_Instructions to follow_. Of all the lines in the entries below, give again exactly those starting at the line containing "Mint Digital Paper" and ending at the line containing "Neuromorphic computing concept", both ends included, and no others.

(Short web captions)

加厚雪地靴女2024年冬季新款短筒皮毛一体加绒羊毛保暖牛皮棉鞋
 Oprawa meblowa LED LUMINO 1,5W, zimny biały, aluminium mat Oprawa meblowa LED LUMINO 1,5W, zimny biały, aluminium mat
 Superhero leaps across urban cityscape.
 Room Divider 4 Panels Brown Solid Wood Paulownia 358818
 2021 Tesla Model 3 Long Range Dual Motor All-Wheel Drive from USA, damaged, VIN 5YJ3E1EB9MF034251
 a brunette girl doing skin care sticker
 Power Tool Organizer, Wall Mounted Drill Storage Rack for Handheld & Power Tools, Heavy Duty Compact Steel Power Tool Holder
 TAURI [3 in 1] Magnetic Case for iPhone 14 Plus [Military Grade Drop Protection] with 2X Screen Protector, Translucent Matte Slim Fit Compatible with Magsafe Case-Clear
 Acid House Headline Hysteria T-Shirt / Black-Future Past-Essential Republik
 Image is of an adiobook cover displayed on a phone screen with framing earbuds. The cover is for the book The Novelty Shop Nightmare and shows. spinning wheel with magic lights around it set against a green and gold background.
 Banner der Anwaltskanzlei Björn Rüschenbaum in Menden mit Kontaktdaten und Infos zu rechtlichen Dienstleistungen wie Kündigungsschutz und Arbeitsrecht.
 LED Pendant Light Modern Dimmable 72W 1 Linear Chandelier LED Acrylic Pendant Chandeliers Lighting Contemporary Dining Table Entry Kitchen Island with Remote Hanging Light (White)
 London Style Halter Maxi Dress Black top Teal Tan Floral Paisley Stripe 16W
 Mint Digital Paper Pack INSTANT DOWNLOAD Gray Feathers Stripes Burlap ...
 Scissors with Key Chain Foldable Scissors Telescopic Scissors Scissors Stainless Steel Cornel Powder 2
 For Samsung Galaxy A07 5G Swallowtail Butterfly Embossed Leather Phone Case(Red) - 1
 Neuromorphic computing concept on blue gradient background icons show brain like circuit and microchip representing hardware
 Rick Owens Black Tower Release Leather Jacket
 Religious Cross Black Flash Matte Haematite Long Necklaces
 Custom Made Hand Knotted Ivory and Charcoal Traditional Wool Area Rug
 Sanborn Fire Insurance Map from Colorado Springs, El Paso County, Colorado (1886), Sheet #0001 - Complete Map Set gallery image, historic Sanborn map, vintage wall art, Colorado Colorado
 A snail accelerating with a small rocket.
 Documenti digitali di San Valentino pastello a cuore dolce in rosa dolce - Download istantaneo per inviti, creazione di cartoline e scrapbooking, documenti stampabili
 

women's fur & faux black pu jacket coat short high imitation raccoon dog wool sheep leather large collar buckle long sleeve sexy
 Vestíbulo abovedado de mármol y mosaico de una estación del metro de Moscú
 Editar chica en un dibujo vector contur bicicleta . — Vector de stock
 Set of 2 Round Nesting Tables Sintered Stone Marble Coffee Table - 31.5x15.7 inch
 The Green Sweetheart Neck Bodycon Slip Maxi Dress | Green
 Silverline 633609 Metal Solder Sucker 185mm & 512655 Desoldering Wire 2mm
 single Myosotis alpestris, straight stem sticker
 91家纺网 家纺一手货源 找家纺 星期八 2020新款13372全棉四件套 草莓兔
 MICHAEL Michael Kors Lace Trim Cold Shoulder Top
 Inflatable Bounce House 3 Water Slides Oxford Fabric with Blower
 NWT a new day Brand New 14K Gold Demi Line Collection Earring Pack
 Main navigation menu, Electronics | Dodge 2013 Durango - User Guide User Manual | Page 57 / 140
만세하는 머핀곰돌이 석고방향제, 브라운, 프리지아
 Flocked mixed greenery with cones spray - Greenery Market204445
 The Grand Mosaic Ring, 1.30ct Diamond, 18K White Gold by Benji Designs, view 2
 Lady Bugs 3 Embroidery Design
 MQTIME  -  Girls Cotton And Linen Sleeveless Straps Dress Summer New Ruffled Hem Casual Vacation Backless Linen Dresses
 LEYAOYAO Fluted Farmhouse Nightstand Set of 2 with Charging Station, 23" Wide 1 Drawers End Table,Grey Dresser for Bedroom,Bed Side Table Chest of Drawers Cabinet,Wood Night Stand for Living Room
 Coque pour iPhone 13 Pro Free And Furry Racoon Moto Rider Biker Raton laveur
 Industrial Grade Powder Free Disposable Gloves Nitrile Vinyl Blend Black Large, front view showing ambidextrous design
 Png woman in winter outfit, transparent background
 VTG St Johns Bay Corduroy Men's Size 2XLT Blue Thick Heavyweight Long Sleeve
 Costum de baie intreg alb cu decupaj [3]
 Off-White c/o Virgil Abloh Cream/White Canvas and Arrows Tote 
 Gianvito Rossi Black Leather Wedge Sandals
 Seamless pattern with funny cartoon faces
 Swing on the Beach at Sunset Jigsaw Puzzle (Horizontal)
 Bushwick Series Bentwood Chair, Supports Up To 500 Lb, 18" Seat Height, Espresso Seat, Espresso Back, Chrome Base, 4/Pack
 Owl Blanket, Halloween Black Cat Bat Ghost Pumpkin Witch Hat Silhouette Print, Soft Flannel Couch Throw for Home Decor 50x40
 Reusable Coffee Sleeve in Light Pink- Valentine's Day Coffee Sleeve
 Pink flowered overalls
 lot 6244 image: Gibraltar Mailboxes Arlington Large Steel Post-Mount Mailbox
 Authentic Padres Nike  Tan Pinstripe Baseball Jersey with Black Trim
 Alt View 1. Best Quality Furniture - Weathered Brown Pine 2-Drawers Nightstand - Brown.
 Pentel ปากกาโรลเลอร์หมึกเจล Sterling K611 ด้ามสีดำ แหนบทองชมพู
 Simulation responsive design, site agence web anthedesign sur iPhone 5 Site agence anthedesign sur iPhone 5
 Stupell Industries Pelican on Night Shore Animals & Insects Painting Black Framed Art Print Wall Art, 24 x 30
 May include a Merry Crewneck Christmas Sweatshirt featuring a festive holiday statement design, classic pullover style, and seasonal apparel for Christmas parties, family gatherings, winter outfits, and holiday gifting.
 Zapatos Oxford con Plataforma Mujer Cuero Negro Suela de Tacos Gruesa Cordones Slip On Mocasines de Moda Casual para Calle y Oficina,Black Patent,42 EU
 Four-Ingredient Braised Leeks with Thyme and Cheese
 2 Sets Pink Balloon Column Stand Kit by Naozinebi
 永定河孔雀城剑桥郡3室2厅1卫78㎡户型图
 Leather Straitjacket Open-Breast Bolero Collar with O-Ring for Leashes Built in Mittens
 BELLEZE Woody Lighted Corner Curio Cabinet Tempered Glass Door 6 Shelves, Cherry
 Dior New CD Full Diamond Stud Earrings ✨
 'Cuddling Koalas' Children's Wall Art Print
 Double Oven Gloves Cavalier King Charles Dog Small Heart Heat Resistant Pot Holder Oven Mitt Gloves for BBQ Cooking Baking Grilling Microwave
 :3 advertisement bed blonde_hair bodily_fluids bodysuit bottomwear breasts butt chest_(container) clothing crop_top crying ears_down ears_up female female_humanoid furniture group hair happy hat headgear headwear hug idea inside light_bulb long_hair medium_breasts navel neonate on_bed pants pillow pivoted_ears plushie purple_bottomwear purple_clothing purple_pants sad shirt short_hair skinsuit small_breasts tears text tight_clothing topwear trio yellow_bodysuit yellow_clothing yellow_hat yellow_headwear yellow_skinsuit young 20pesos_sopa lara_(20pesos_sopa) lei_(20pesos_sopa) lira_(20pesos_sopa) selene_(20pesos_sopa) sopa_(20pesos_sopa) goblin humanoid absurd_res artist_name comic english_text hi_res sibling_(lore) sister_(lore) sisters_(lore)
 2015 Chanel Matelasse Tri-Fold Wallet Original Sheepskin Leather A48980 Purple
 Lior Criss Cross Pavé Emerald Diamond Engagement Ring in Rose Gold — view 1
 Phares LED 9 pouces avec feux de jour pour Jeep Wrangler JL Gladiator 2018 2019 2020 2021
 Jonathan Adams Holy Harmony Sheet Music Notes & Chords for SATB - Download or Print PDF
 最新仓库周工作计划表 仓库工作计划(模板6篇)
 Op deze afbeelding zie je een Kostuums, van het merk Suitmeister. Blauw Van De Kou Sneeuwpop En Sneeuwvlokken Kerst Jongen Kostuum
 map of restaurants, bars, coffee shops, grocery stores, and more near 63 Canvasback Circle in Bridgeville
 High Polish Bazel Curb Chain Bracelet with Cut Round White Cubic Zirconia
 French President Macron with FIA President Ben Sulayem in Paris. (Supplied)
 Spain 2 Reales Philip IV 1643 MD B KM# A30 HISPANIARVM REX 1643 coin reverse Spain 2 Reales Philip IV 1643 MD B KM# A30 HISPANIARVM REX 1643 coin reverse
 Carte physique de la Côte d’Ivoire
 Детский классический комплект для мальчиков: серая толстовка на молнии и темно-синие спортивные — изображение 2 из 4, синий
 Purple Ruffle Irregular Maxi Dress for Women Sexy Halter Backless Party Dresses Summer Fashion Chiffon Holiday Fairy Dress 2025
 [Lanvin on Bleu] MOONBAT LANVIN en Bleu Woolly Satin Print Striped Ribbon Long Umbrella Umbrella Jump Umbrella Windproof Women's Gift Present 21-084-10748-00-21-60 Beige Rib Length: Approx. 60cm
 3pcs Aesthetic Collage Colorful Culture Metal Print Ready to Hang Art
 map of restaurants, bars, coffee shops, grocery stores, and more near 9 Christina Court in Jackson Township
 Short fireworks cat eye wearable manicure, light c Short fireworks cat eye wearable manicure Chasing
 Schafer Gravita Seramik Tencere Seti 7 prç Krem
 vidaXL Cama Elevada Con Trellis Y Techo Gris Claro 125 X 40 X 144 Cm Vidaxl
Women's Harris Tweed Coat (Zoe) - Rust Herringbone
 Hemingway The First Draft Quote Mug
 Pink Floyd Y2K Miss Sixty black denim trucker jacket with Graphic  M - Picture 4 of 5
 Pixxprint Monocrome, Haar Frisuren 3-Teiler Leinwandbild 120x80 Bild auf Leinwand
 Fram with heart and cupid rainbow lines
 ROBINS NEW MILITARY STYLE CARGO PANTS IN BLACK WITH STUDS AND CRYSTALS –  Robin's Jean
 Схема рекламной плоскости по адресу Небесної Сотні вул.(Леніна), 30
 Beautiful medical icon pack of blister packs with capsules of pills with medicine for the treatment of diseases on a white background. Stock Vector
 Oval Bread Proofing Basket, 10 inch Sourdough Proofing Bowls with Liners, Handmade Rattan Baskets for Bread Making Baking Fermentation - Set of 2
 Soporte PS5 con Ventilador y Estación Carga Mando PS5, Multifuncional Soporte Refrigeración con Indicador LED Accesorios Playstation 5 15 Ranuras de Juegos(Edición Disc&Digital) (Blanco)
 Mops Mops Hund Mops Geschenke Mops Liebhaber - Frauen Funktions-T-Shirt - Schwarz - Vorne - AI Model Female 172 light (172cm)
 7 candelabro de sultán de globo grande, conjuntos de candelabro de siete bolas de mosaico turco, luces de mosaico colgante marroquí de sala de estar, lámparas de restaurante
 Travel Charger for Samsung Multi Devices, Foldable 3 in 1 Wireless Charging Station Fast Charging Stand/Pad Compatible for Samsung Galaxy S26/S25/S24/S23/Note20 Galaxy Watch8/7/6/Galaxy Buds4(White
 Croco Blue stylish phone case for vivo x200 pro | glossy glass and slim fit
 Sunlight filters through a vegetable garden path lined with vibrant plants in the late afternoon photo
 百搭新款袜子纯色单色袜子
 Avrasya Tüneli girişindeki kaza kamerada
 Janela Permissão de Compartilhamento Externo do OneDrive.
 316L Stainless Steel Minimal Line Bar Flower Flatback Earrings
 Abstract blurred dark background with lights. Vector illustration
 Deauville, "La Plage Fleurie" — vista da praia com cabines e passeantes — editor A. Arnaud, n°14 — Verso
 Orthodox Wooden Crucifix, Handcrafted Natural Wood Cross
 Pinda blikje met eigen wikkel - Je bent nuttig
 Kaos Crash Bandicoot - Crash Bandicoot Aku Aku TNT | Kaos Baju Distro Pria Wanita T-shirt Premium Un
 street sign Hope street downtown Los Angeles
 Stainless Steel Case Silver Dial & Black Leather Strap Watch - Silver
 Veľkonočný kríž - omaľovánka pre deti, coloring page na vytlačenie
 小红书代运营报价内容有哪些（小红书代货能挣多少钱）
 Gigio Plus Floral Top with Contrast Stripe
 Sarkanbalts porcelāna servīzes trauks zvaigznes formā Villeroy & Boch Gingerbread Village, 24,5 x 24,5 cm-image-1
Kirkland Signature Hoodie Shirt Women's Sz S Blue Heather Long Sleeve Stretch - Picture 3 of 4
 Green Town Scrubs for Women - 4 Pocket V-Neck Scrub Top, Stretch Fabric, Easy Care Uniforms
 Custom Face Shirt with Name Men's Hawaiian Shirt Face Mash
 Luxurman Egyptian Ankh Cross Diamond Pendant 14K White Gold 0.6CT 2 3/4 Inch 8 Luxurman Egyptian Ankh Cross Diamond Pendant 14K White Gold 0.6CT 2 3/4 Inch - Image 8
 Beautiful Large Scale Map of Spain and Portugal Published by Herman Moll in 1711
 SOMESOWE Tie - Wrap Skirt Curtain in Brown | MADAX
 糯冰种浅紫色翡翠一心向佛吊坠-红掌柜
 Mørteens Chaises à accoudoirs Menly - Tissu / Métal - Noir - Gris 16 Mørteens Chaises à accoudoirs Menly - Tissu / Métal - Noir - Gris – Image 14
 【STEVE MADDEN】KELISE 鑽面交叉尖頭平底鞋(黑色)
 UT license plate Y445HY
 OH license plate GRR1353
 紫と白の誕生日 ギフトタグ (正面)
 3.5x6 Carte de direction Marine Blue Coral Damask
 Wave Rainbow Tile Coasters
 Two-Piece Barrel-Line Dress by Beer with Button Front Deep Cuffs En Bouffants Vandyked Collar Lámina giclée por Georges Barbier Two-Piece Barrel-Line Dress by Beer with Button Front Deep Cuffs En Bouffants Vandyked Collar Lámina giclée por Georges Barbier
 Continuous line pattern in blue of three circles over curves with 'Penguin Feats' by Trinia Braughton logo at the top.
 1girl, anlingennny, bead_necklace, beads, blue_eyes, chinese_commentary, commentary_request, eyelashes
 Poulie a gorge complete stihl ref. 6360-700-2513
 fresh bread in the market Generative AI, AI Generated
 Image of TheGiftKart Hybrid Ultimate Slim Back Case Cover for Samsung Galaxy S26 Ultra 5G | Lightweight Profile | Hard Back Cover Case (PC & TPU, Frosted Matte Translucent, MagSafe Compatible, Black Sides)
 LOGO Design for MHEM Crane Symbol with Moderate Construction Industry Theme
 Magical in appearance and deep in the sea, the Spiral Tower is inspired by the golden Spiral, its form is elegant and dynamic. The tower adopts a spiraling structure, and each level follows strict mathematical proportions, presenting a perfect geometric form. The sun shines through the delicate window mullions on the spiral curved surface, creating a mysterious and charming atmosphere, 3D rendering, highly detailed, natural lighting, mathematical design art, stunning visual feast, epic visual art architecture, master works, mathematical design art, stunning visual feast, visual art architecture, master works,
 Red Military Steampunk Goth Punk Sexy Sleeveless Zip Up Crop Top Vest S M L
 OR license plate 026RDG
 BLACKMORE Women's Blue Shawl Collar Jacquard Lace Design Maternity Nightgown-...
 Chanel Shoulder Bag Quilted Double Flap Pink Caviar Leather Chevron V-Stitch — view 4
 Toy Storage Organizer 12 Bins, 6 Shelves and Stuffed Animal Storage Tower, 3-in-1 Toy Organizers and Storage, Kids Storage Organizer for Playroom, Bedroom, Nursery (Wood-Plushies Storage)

_Your solution_.
 Mint Digital Paper Pack INSTANT DOWNLOAD Gray Feathers Stripes Burlap ...
 Scissors with Key Chain Foldable Scissors Telescopic Scissors Scissors Stainless Steel Cornel Powder 2
 For Samsung Galaxy A07 5G Swallowtail Butterfly Embossed Leather Phone Case(Red) - 1
 Neuromorphic computing concept on blue gradient background icons show brain like circuit and microchip representing hardware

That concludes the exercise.